Against overuse of the Gini coefficient
2021 Jul 29
See all posts
Against overuse of the Gini coefficient
Special thanks to Barnabe Monnot and Tina Zhen for feedback and
review
The Gini
coefficient (also called the Gini index) is by far the most popular
and widely known measure of inequality, typically used to measure
inequality of income or wealth in some country, territory or other
community. It's popular because it's easy to understand, with a
mathematical definition that can easily be visualized on a graph.
However, as one might expect from any scheme that tried to reduce
inequality to a single number, the Gini coefficient also has its limits.
This is true even in its original context of measuring income and wealth
inequality in countries, but it becomes even more true when the Gini
coefficient is transplanted into other contexts (particularly:
cryptocurrency). In this post I will talk about some of the limits of
the Gini coefficient, and propose some alternatives.

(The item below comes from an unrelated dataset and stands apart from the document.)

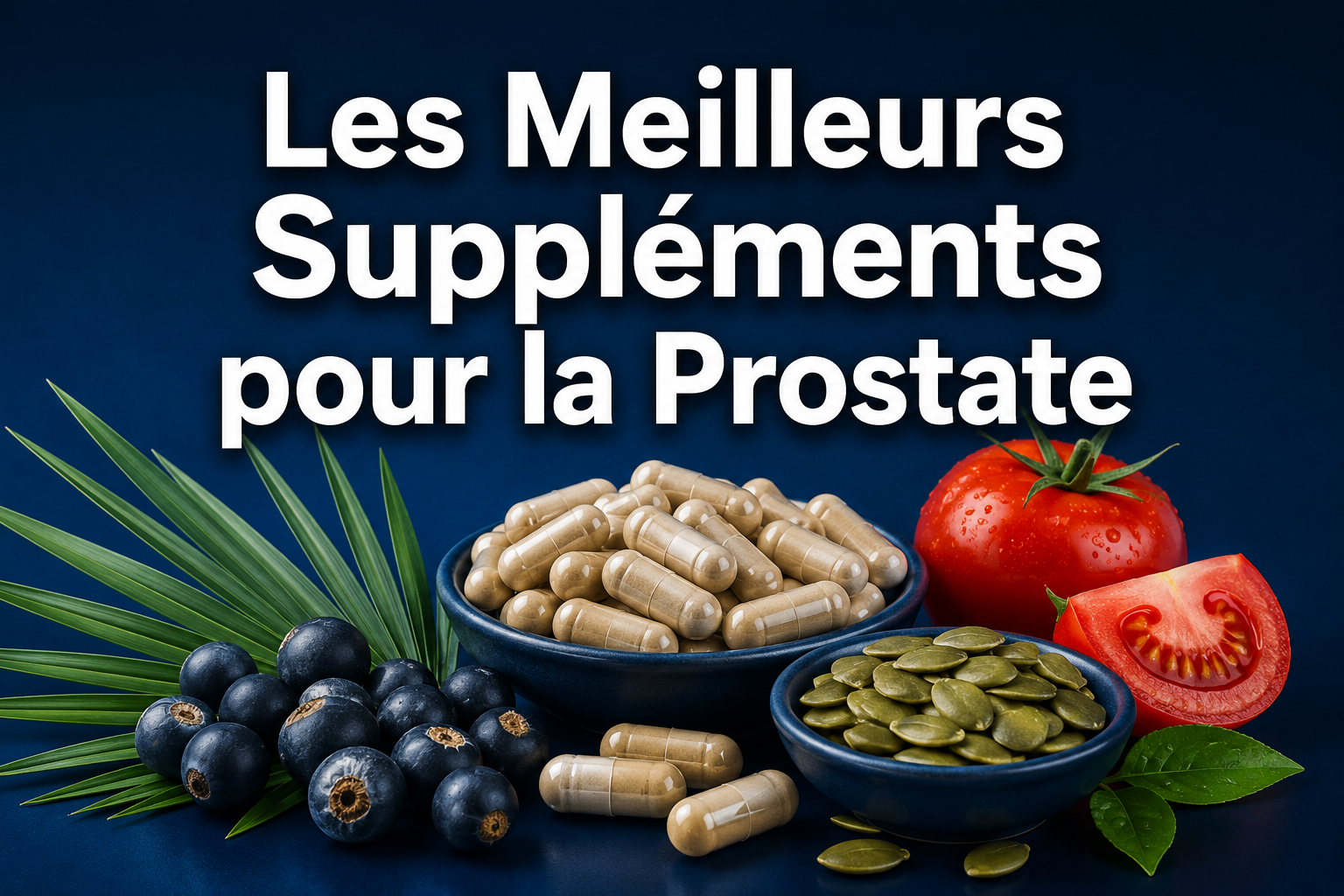 Image éditoriale en format paysage () avec texte en gras en surimpression : 'Les Meilleurs Suppléments pour la Prostate' en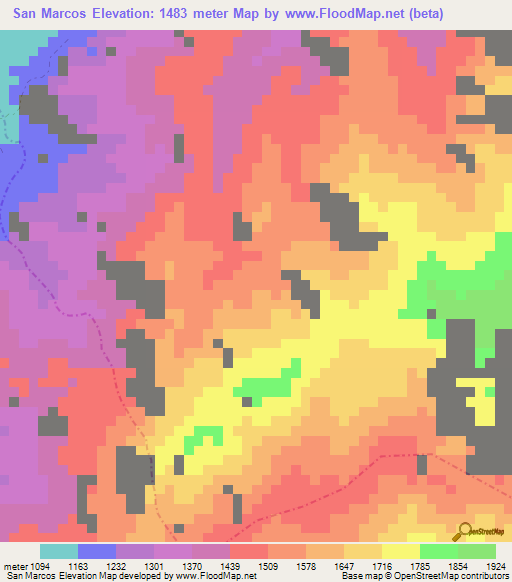 San Marcos,Colombia Elevation Map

What is the Gini coefficient?
The Gini
coefficient is a measure of inequality introduced by Corrado Gini in
1912. It is typically used to measure inequality of income and wealth of
countries, though it is also increasingly being used in other
contexts.
There are two equivalent definitions of the Gini coefficient:
Area-above-curve definition: draw the graph of a
function, where \(f(p)\) equals the
share of total income earned by the lowest-earning portion of the
population (eg. \(f(0.1)\) is the share
of total income earned by the lowest-earning 10%). The Gini coefficient
is the area between that curve and the \(y=x\) line, as a portion of the whole
triangle:
Average-difference definition: the Gini coefficient
is half the average difference of incomes between each all possible
pairs of individuals, divided by the mean income.
For example, in the above example chart, the four incomes are
[1, 2, 4, 8]
, so the 16 possible differences are
[0, 1, 3, 7, 1, 0, 2, 6, 3, 2, 0, 4, 7, 6, 4, 0]
. Hence the
average difference is 2.875 and the mean income is 3.75, so Gini = \(\frac{2.875}{2 * 3.75} \approx
0.3833\).
It turns out that the two are mathematically equivalent (proving this
is an exercise to the reader)!
What's wrong with the
Gini coefficient?
The Gini coefficient is attractive because it's a reasonably simple
and easy-to-understand statistic. It might not look simple, but
trust me, pretty much everything in statistics that deals with
populations of arbitrary size is that bad, and often much worse. Here,
stare at the formula of something as basic as the standard
deviation:
\(\sigma = \frac{\sum_{i=1}^n x_i^2}{n} -
(\frac{\sum_{i=1}^n x_i}{n})^2\)
And here's the Gini:
\(G = \frac{2 * \sum_{i=1}^n i*x_i}{n *
\sum_{i=1}^n x_i} - \frac{n+1}{n}\)
It's actually quite tame, I promise!
So, what's wrong with it? Well, there are lots of things wrong with
it, and people have written
lots of articles
about various
problems with the Gini coefficient. In this article, I will focus on
one specific problem that I think is under-discussed about the Gini as a
whole, but that has particular relevance to analyzing inequality in
internet communities such as blockchains. The Gini coefficient
combines together into a single inequality index two problems that
actually look quite different: suffering due to lack of resources and
concentration of power.
To understand the difference between the two problems more clearly,
let's look at two dystopias:
- Dystopia A: half the population equally shares all
the resources, everyone else has none
- Dystopia B: one person has half of all the
resources, everyone else equally shares the remaining half
Here are the Lorenz curves (fancy charts like we saw above) for both
dystopias:
Clearly, neither of those two dystopias are good places to live.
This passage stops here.